10. Talking about their body.
Body image is a hot-button issue, especially for women. It can be damaging whether you mean to pay someone a compliment or insult their figure. When it comes to talking about others’ bodies, I believe in an all-hands-off policy. There are too many opportunities to hit a sensitive spot accidentally. It doesn’t matter whether it’s about a plus-size person or someone with a smaller body; avoid body talk if you want to avoid potentially hurting someone’s feelings.
11. Withholding praise or neglecting positivity.
It’s simple: If someone does a good job, tell them! If someone makes you proud, tell them! If you love someone, tell them! There are so many people who want to be cool and mysterious, and sure, that’s fun, but what’s really fun is authentically showing people love and support. More importantly, it’s counterproductive to withhold praise or neglect uplifting loved ones, and it can trigger insecurity. No one deserves to doubt their greatness, so it’s better to offer positivity when it’s possible. Remember: They will never know how great you think they are if you never make a point to say so.
12. Talking about sensitive subjects.
Trauma leaves invisible scars on people.
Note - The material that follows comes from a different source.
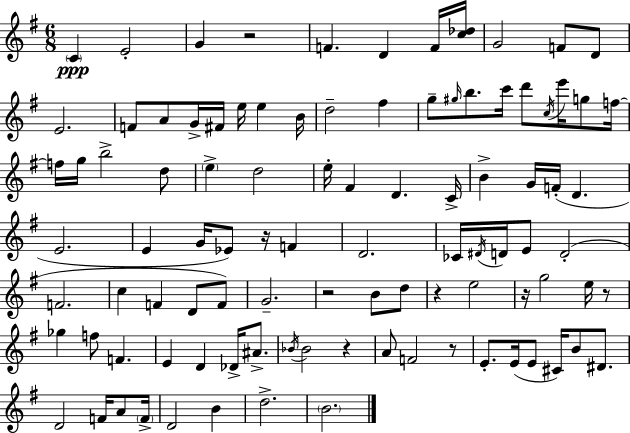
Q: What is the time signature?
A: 6/8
The problem with this is you never know what type of conversations and content will trigger those who have dealt with certain situations in their past. We know that those who survive traumatic situations often blame themselves or feel insecure or shameful about what has happened to them, so don’t be the person to bring it up. Be careful about the things you expose your friends to or talk about. It’s worth trying to be a safe space for your friends.
13. Criticizing their coping mechanisms.
When people struggle with insecurity, it can manifest in a number of ways—jealousy, clinginess, isolation, struggle with control, and the need to constantly self-soothe. Often, they don’t have control over these reactions. There is no reason to shame or make them feel insecure about doing what they must to feel comfortable. If it doesn’t work for you, all you have to do is walk away.
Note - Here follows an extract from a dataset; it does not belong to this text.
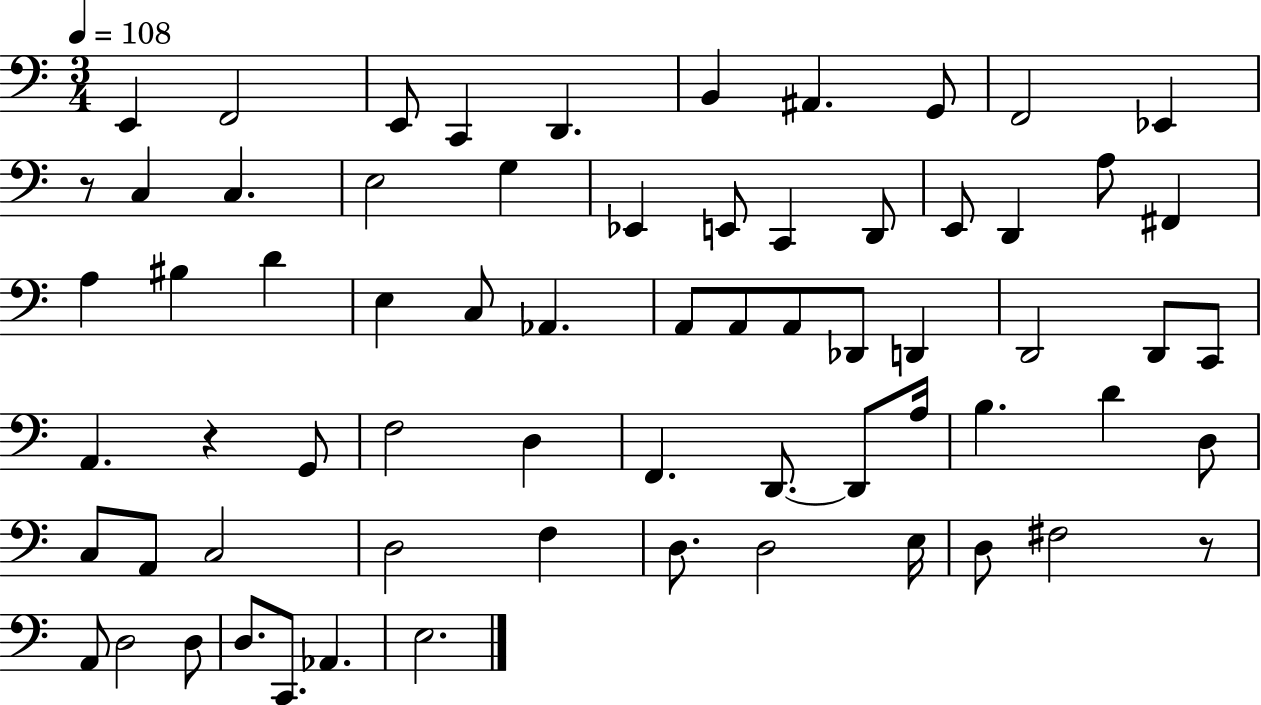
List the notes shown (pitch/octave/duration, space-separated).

E2/q F2/h E2/e C2/q D2/q. B2/q A#2/q. G2/e F2/h Eb2/q R/e C3/q C3/q. E3/h G3/q Eb2/q E2/e C2/q D2/e E2/e D2/q A3/e F#2/q A3/q BIS3/q D4/q E3/q C3/e Ab2/q. A2/e A2/e A2/e Db2/e D2/q D2/h D2/e C2/e A2/q. R/q G2/e F3/h D3/q F2/q. D2/e. D2/e A3/s B3/q. D4/q D3/e C3/e A2/e C3/h D3/h F3/q D3/e. D3/h E3/s D3/e F#3/h R/e A2/e D3/h D3/e D3/e. C2/e. Ab2/q. E3/h.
14. Redoing or correcting their work.
Besides being an incredibly annoying habit, redoing others can be a potential trigger. If someone works hard on something, and you immediately go and change it, it affects how they feel about their work and their abilities. If it’s your job to fine-tune someone’s work, then providing feedback and allowing them to do it themselves or asking permission before tweaking can help ease some of those feelings of rejection.
15. Talking over them or disregarding their input.
One of the most gut-wrenching feelings is when you’re talking in a group, and you say something, and everyone ignores it. It can make you feel unimportant, unvalued, and, more seriously, like you don’t have valuable ideas. We need to think that our words and opinions hold weight, and when others disregard us or talk over us, it can make us feel seriously unworthy. Improving your active listening skills and reiterating people’s points when they make them are good ways to avoid triggers like this.
16. Treating them like they need to be “fixed.”
No one wants to feel like someone’s project. Even if you’re trying to help someone, it can be considered condescending and trigger feelings of inadequacy. They may see themselves as unfinished, unworthy, or unfortunate enough to warrant charity, and all of those feelings will weigh on their self-esteem. We are all works in progress. So try to avoid treating someone like they need your help or need improvement if you want to avoid triggering them.